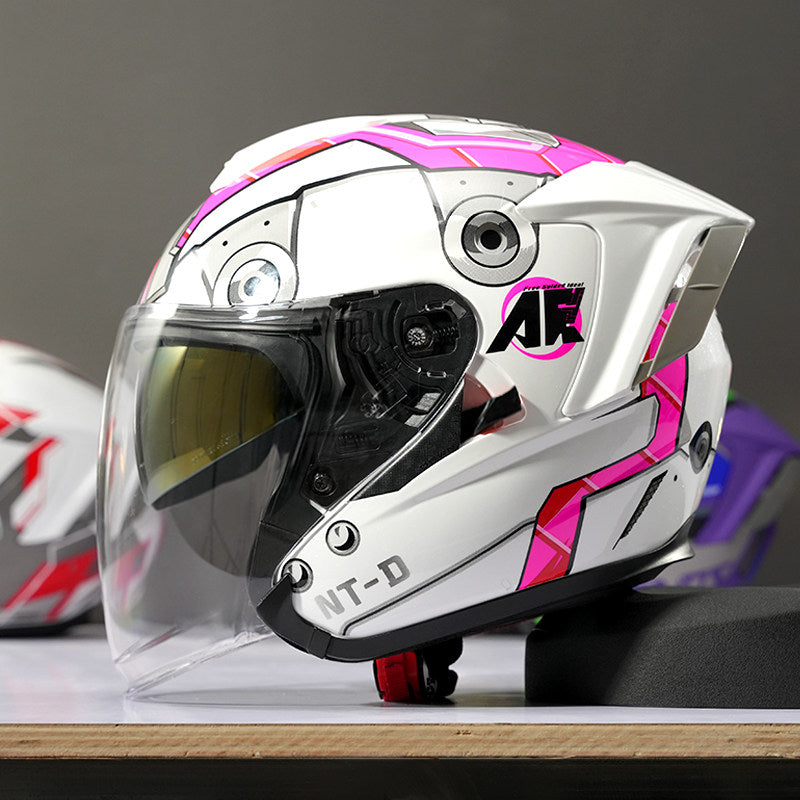 Evangelion Unit-01 Style Bluetooth Helmet - DOT Certified Dual Visor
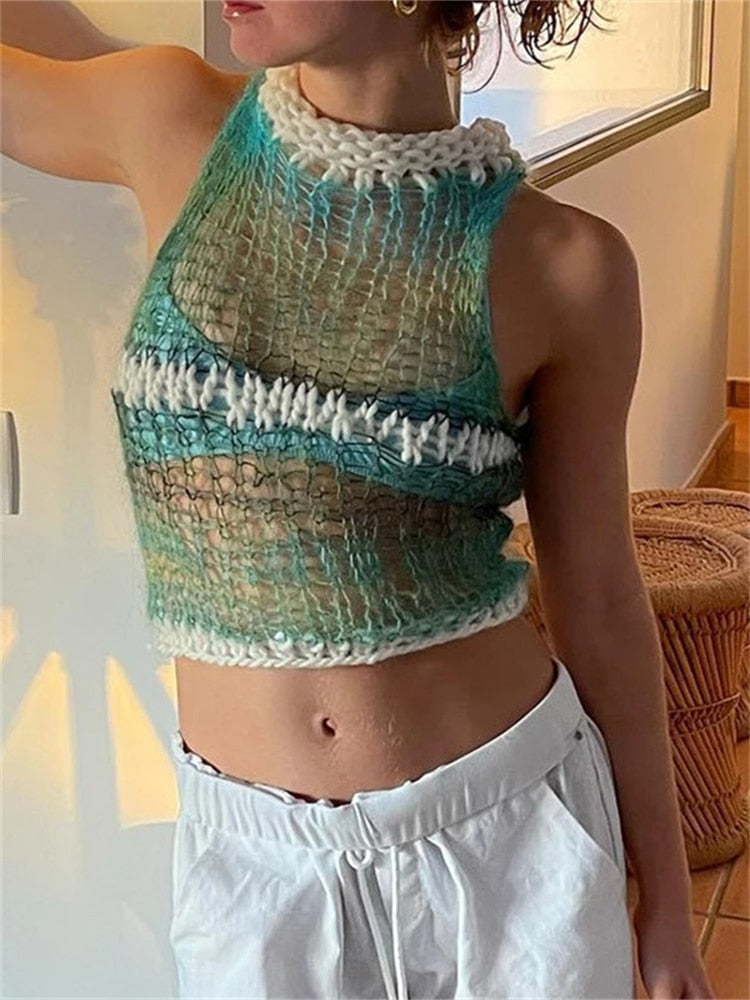 Prettyswomen Knitted Color Patchwork Tube Top Cropped Summer Beach Clubwear 2022 Sexy Women Sleeveless Hollow Out Tank Vest Street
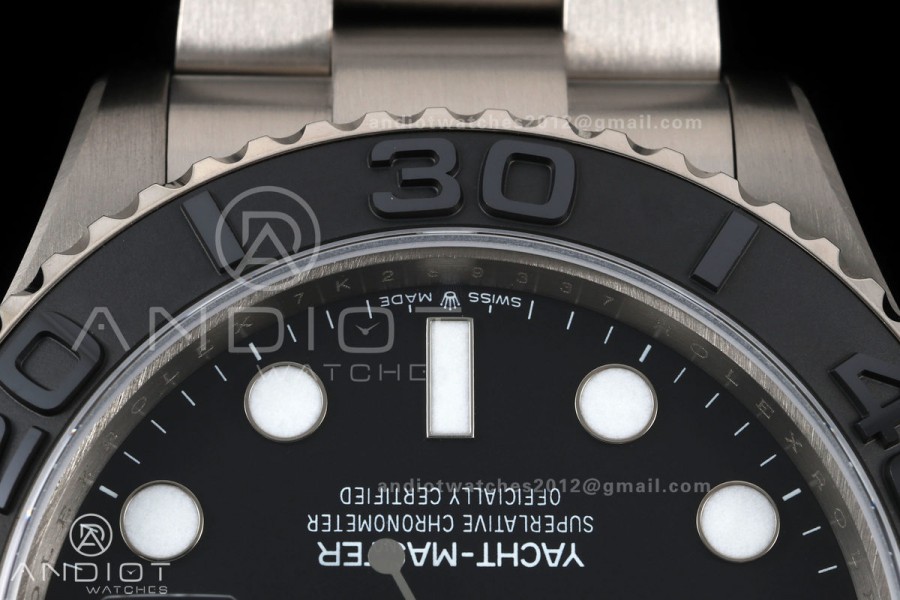 Yacht-Master 226627 Titanium QF 1:1 Best Edition Black Dial on Titanium Bracelet JH3235 V18 (Free Sprung)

★ ★ ★

About this exercise. Repeat word for word only the lines from the line holding "Prettyswomen Knitted Color" to the final line of the material, both included. Don't carry over any picture.

Exercise result.
 Prettyswomen Knitted Color Patchwork Tube Top Cropped Summer Beach Clubwear 2022 Sexy Women Sleeveless Hollow Out Tank Vest Street
 Yacht-Master 226627 Titanium QF 1:1 Best Edition Black Dial on Titanium Bracelet JH3235 V18 (Free Sprung)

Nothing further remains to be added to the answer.